How to complete this task: What is needed is the exact text of each line in the listing below from the one with "Vector illustration concept" up to and including the one with "Silk Cheetah Print", and no pictures.

Provided information:
>>>>

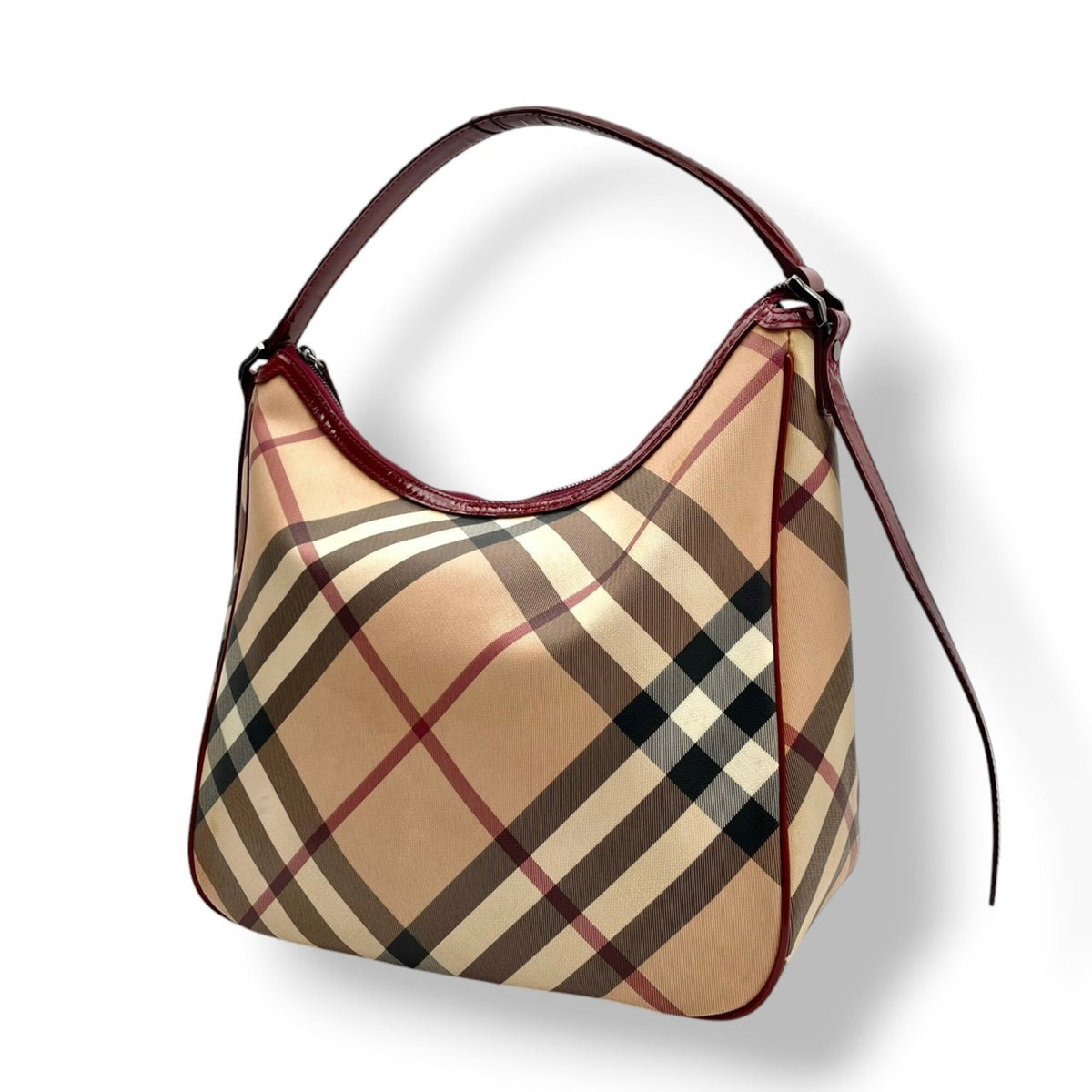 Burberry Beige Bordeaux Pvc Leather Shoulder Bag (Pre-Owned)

<<<<
>>>>

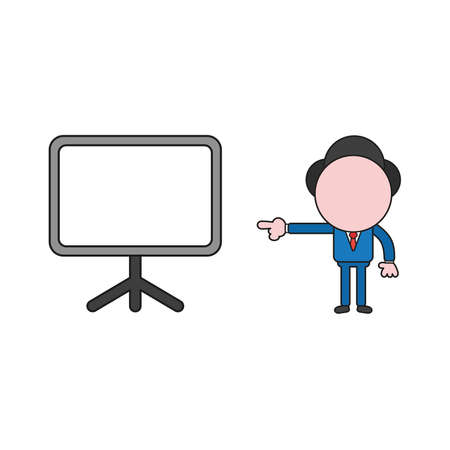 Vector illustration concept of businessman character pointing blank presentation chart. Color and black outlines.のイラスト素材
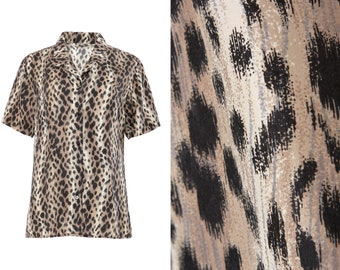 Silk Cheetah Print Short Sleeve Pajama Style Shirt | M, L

<<<<

Exercise response:
 Vector illustration concept of businessman character pointing blank presentation chart. Color and black outlines.のイラスト素材
 Silk Cheetah Print Short Sleeve Pajama Style Shirt | M, L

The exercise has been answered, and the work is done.